Fynn Seidel

Personal information
- Date of birth: 31 January 2004 (age 22)
- Place of birth: Chemnitz, Germany
- Height: 1.75 m (5 ft 9 in)
- Position: Midfielder

Team information
- Current team: FSV Zwickau
- Number: 27

Youth career
- VfL 05 Hohenstein-Ernstthal
- Oberlungwitzer SV
- 2015–2020: Chemnitzer FC
- 2020–2021: SpVgg Unterhaching

Senior career*
- Years: Team / Apps / (Gls)
- 2021–2023: SpVgg Unterhaching / 12 / (0)
- 2023–2024: SV Meppen / 19 / (4)
- 2024–2025: SpVgg Unterhaching / 0 / (0)
- 2024–2025: SpVgg Unterhaching II / 12 / (1)
- 2025: Chemnitzer FC / 12 / (3)
- 2025–2026: Chemie Leipzig / 32 / (1)
- 2026–: FSV Zwickau / 10 / (2)

= Fynn Seidel =

German footballer (born 2004)

Fynn Seidel (born 31 January 2004) is a German professional footballer who plays as a midfielder for Regionalliga Nordost club FSV Zwickau.

==Career==
Seidel played for VfL 05 Hohenstein-Ernstthal and Oberlungwitzer SV in his youth, before joining the academy of Chemnitzer FC in 2015. In 2020, he joined the youth team of SpVgg Unterhaching, signing a three-year contract lasting until 30 June 2023.

Seidel made his professional debut for Unterhaching's senior team in the 3. Liga on 27 January 2021, coming on as a substitute in the 76th minute for Lucas Hufnagel against VfB Lübeck. In doing so, he became the youngest player in the history of the 3. Liga at the age of 16 years and 362 days. This broke the previous record of 17 years and 18 days set by Viktor Zentrich on 1 July 2020. The away match finished as a 1–0 loss for Unterhaching.
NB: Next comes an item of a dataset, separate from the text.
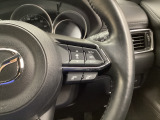 MRCC(マツダレーダークルーズコントロール)は先行車との車間を維持しながら追従走行を行い、長距離でのドライバー負担を軽減させてくれます。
On 20 June 2023, Seidel joined Regionalliga Nord club SV Meppen, who had just been relegated from the 3. Liga. Under coach Adrian Alipour he finished the season as a runner-up in the division and won the Lower Saxony Cup, registering four goals and nine assists in 19 league matches despite a cruciate ligament injury that sidelined him for four months.

On 20 June 2024, Seidel returned to Unterhaching, by then back in the 3. Liga. He made little impact and, after being told he had no future at the club beyond the winter, dissolved a contract that ran until 2026.

On 7 January 2025, Seidel moved to his boyhood club Chemnitzer FC of the Regionalliga Nordost on a free transfer, signing until the end of the season and taking the number 7 shirt. He scored three times in the second half of the campaign.

On 21 May 2025, Seidel was announced as a signing for fellow Regionalliga Nordost club Chemie Leipzig on a one-year contract, reuniting him with Alipour, his former coach at Meppen; he was assigned the number 10 shirt.

On 29 June 2026, Fynn Seidel moved to league rival FSV Zwickau on a one-year contract.